Being a cashier in the past, I've seen SNAP really be abused at times. I once rang up about nine dollars worth of individual snack cakes. Somebody argued the family might have been traveling. Okay, but there was Wal-Mart and Food Lion up the street. They didn't need to get anything from a convenience store. The problem isn't just buying junk food. It's sometimes purchasing the most expensive options. I think we should also have a rule that says no convenience store purchases outside of bread, lunch meat, and milk. No candy or soda.

I'm glad you posted this.

noonwitch
09-12-2013, 09:43 AM
I've seen people who were very frugal with food stamps/EBT cards and people who aren't.

Odysseus
09-12-2013, 09:53 AM
Can we audit the end users and keep them from buying $400 purses and $200 wallets?


Every dollar of welfare ends up in a millionaire's pocket.... but that doesn't mean that SNAP shouldn't try to direct how those benefits are spent.

You had me until this line, which is only half right.
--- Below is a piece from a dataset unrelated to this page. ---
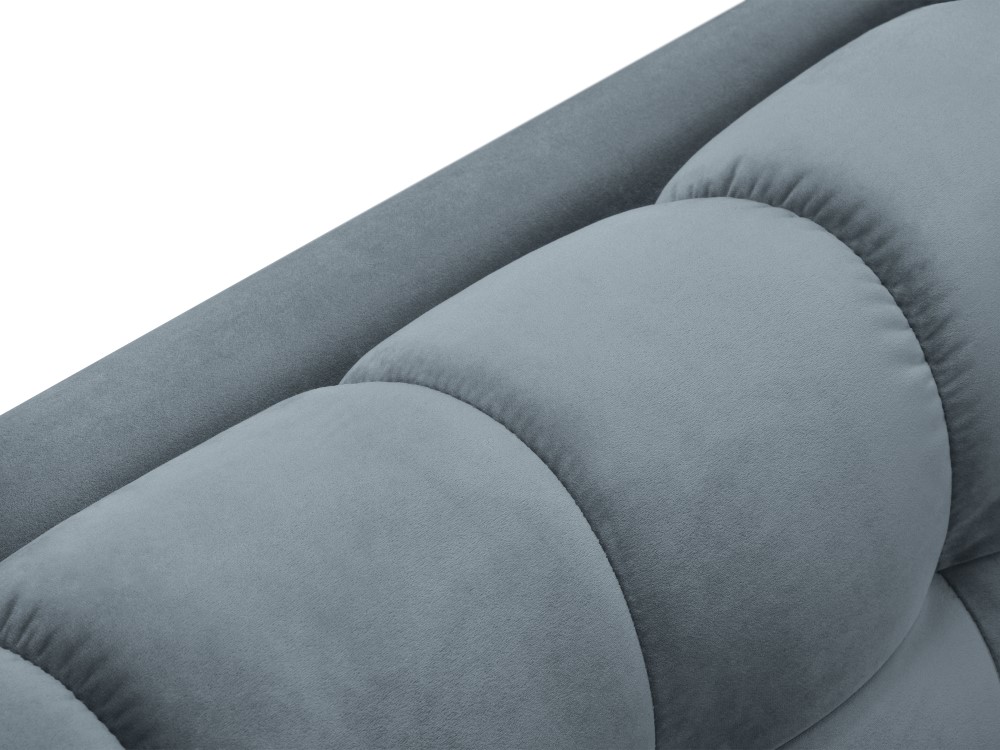 Cosmopolitan Design Ecksofa Bali 5-Sitzer Samt Bluvel Hellblau Links Beine Schwarzes Metall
Yes, the money does end up going to subsidized businesses, but remember that in the pocket of the millionaire, it goes back into putting food on the shelves. It's how it gets there that's the problem. SNAP takes money from productive people who pay taxes and funnels it through the federal bureaucracy until a small percentage of it goes back into direct benefits. That money pays for a massive federal workforce that seeks to increase dependency and perpetuate itself accordingly. The end result is higher prices for basic foods (subsidies to consumers actually drive up costs by increasing demand), a larger federal bureaucracy and less control over our own wallets. That's the problem.

Novaheart
09-12-2013, 01:47 PM
Can we audit the end users and keep them from buying $400 purses and $200 wallets?



You had me until this line, which is only half right. Yes, the money does end up going to subsidized businesses, but remember that in the pocket of the millionaire, it goes back into putting food on the shelves. It's how it gets there that's the problem. SNAP takes money from productive people who pay taxes and funnels it through the federal bureaucracy until a small percentage of it goes back into direct benefits. That money pays for a massive federal workforce that seeks to increase dependency and perpetuate itself accordingly. The end result is higher prices for basic foods (subsidies to consumers actually drive up costs by increasing demand), a larger federal bureaucracy and less control over our own wallets. That's the problem.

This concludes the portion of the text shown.